KOCHI (Metro Rail News): Mass Rapid Transport (MRT) Experts advocate the ‘Metrolite’ (light urban rail) system for the Kochi metro’s Kakkanad and other extensions. The Centre exercised restraint while approving the costly conventional metro rail projects in various States and prompted the Metrolite system and it leaves a minuscule carbon footprint and cost approximately a quarter of the project cost of the metro rail system.

Centre has readied a policy to promote Metrolite systems like trams, which can operate on the existing arterial roads. Within trams, there are conventional trams that operate on rails and newer systems which do not need tracks.

a technical expert who was associated with numerous metro rail initiatives in India said that the trackless systems in which the trams have rubber wheels like buses are operational in several world cities including in China. Trams rely on sensors to move along a pre-determined track. Such technological advancements have considerably lessened the cost of Metrolite systems.

The clamour for systems like trams comes in the wake of the realisation that the conventional metro rail system costs over ₹250 crores per km. Trams that operate at comparable speeds as those of the metro offer similar comfort and have much lesser ticket fares.
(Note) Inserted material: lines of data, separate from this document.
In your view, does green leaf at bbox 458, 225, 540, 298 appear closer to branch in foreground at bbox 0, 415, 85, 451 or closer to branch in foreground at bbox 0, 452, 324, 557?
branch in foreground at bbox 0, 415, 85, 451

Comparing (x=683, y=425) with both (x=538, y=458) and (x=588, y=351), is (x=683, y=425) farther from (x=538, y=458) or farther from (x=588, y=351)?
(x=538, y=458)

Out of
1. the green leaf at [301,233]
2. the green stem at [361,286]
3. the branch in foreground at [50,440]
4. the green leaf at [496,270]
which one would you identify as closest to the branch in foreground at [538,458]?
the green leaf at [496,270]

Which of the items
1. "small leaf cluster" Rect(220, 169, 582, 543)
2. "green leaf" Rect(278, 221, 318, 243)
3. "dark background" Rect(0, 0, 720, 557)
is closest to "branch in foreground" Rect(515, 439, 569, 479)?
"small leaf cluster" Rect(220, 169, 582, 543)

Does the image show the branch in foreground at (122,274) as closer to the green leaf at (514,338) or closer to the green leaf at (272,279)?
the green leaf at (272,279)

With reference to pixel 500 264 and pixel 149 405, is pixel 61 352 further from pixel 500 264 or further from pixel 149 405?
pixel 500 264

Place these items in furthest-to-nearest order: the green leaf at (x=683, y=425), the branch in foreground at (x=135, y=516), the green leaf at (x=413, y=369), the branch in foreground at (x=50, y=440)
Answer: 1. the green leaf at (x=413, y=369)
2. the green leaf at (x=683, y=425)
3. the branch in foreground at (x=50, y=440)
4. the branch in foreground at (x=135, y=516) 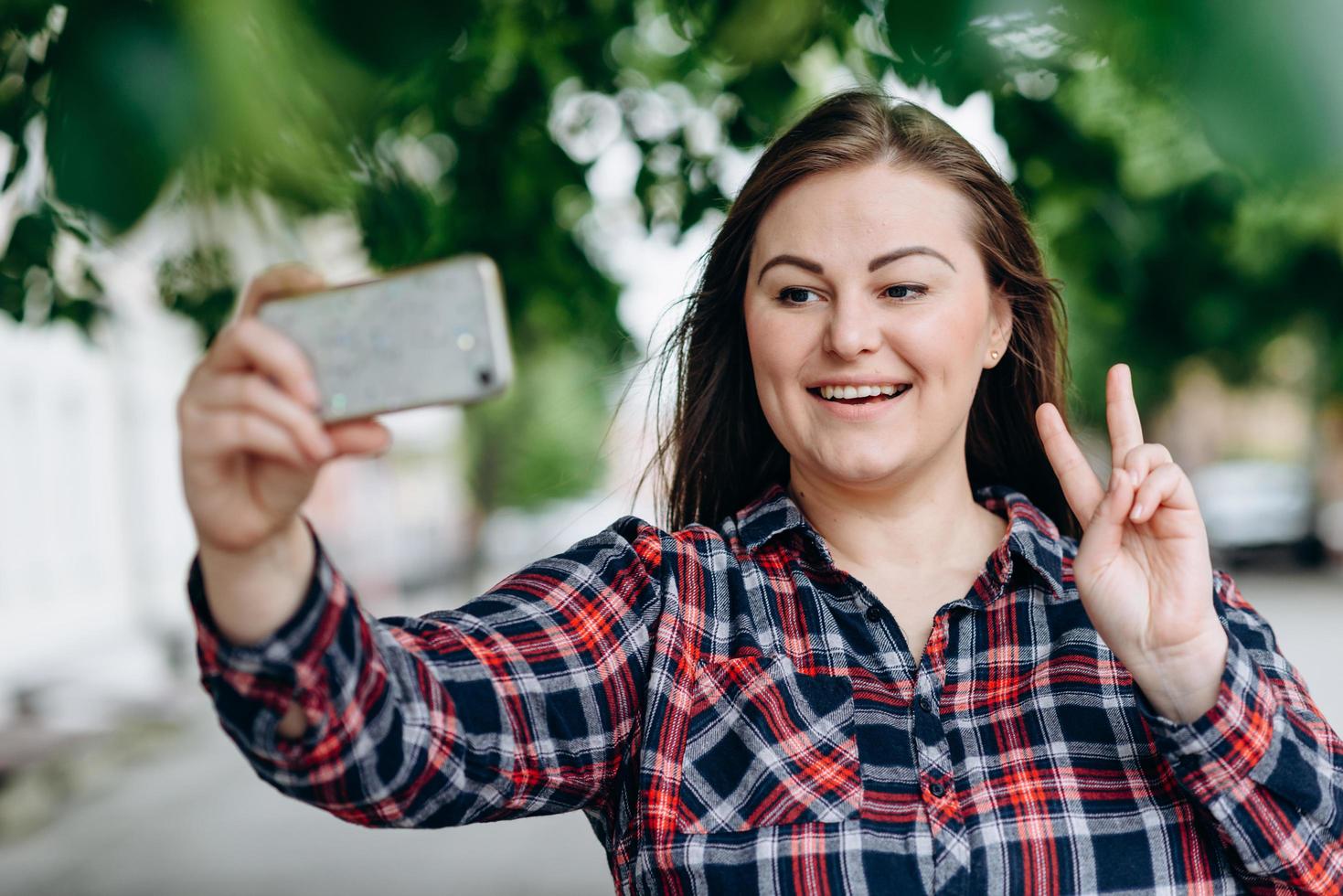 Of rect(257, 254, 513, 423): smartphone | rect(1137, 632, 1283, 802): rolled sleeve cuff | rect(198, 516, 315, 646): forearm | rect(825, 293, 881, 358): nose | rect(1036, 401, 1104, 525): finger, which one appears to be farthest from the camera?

The advantage of track-less trams which carry over double the number of passengers in a bus is that they can negotiate sharp curves just like buses, doing away with the need to acquire land.

This apart, a basic shelter for commuters to wait is all that is required at the centre of the road, facing tramways on either side, unlike heavy concrete structures that are needed for elevated or underground metro stations.

A few lakh tonnes of concrete are needed for metro rail systems for piles, pile caps, pillars, and girders. Tram shelters can be built every 600 metres or so due to their simple construction style, benefiting more number of commuters than the metro.

The doing away with elevated/underground track, minimal land acquisition [in case it is needed] etc., offer the added advantage of carrying out little or no physical change on the urban landscape. It also does away with extensive security checks and deployment of a massive workforce to man station buildings. Neither do they have ‘barriers’ to surmount like steps and escalators in metro rail stations.

Trams can rely on flash-charging method to recharge their batteries during a halt at stations. Such Metrolite tramways are good for low-density cities like Kochi, where capital-intensive metro rail systems need not get sound ridership. Such systems are comparable to high-capacity bus systems, with similar flexibility as far as extensions and diversions are concerned. All this bring about faster project implementation in a sustainable manner at a much lesser cost, while catering for more commuters than the metro, he observed.

Trams were the preferred mode of transport from 1890s to 1940s till they were withdrawn in favour of buses and cars, which ended up polluting the atmosphere and causing frequent accidents.